Have you ever noticed that supermarkets don’t have clocks on the walls? That is intentional. Grocery stores don’t want you to feel pressed for time. Instead, they want you to take your time scouring the aisles for new products to add to your cart.

Granted, most of us have watches or cell phones to combat that strategy. But let’s face it: how often do you take out your phone while loading your cart with products? Mine tends to stay in my pocket or bag so it doesn’t accidentally fall out, which means I commonly lose track of time while grocery shopping.

how to fight back

If you know you’ve gone overboard at the grocery store, there are a few things you can do to limit your spending. First, make lists before you buy and stick to them. That way, you’ll be less likely to venture down different aisles and be tempted by products you weren’t originally looking for.

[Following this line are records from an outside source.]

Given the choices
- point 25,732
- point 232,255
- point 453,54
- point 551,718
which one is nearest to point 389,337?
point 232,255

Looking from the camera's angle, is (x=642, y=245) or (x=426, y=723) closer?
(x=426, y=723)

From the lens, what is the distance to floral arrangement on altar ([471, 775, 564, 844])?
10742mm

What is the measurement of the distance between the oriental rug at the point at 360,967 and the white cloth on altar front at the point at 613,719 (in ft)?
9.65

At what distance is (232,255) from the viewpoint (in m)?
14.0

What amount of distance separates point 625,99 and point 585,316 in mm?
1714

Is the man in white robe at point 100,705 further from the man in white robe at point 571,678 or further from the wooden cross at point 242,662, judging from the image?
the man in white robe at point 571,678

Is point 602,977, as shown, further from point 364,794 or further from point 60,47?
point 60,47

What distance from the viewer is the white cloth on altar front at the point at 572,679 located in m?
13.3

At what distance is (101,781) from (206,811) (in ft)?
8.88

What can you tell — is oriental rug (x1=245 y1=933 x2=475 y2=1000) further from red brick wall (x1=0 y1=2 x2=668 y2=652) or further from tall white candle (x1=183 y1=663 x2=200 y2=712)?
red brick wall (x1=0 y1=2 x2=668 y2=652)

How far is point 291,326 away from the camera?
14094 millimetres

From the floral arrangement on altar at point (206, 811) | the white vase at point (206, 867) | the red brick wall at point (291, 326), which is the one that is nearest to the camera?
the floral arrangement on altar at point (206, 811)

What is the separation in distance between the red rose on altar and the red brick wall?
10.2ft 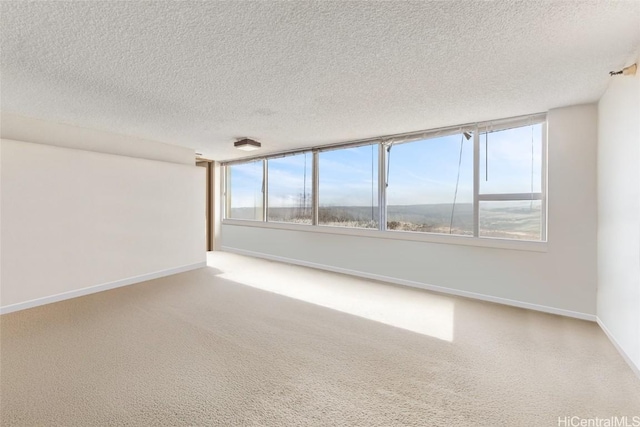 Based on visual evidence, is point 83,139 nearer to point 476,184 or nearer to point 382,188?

Second, buy the sales, but only in the context of the products you commonly buy. If puff pastry shells are on sale and half price but you can’t remember the last time you baked, don’t buy them. But if your favorite brand of yogurt is on sale, load up as much as your fridge can handle.

Finally, if the time comes, stop buying with credit cards and pay for your purchases in cash. If you go that route, you’re more likely to stick to the items on your list. Of course, this solution isn’t perfect, as it means giving up perks like cash back on grocery purchases. But if you think it’s necessary, do it.

I for one am somewhat resigned to spending a large portion of my income on groceries. The consolation is that I am buying lots of healthy items for my family to enjoy. And if I end up impulse-buying a few Oreos from time to time, it really won’t affect my budget much (although my waistline is a different story).